TASK DIRECTIONS: Among the entries below, only the lines from the one with "economico pantaloni casual-Per" through the one with "vidaXL テーブルトップ 直径50x2.5cm 大理石 グレー" are wanted, reproduced exactly. Pictures are not wanted.

SUPPLIED MATERIAL:
+++

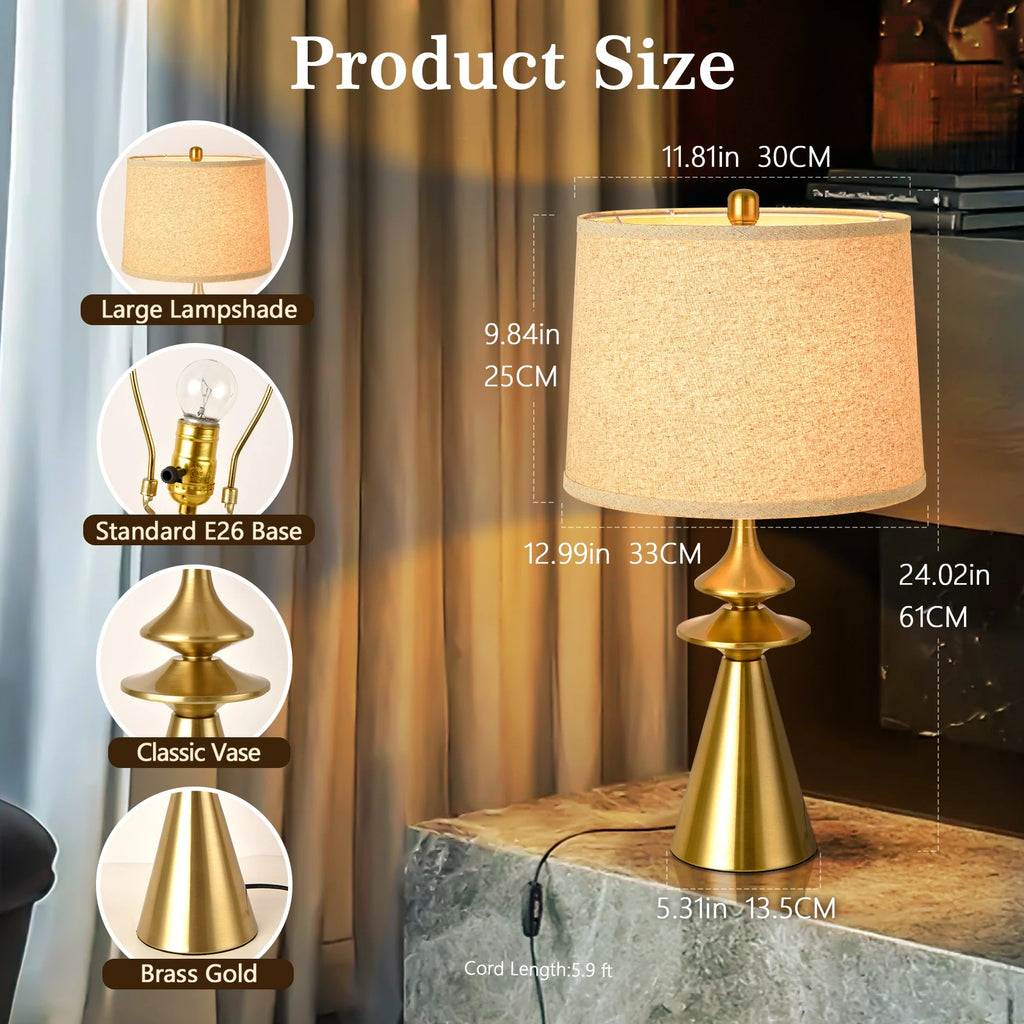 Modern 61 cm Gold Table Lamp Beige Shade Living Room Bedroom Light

+++

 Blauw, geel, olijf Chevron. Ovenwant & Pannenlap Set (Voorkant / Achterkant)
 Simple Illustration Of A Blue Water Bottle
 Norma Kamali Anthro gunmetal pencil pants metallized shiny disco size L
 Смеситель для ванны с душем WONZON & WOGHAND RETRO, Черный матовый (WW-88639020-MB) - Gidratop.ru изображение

+++

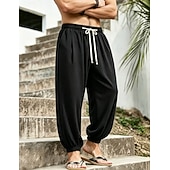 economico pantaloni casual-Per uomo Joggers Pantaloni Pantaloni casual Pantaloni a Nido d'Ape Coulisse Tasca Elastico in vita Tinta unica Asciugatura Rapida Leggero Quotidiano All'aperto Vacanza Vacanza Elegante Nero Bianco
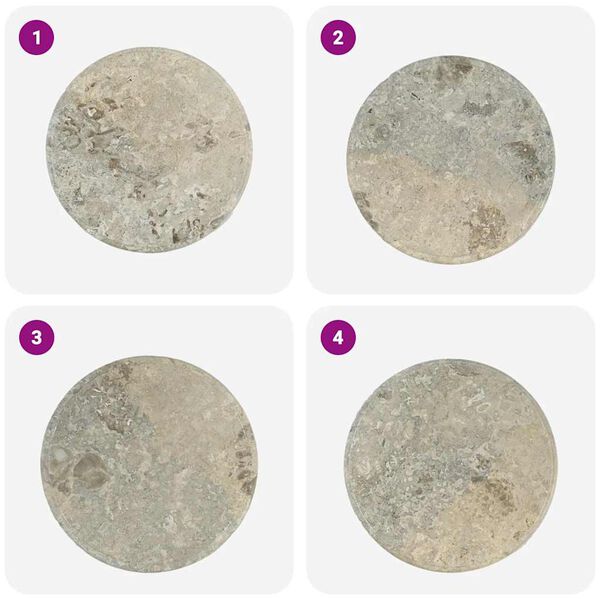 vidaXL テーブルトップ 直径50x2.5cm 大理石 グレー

+++

SOLUTION FOR THIS TASK:
 economico pantaloni casual-Per uomo Joggers Pantaloni Pantaloni casual Pantaloni a Nido d'Ape Coulisse Tasca Elastico in vita Tinta unica Asciugatura Rapida Leggero Quotidiano All'aperto Vacanza Vacanza Elegante Nero Bianco
 vidaXL テーブルトップ 直径50x2.5cm 大理石 グレー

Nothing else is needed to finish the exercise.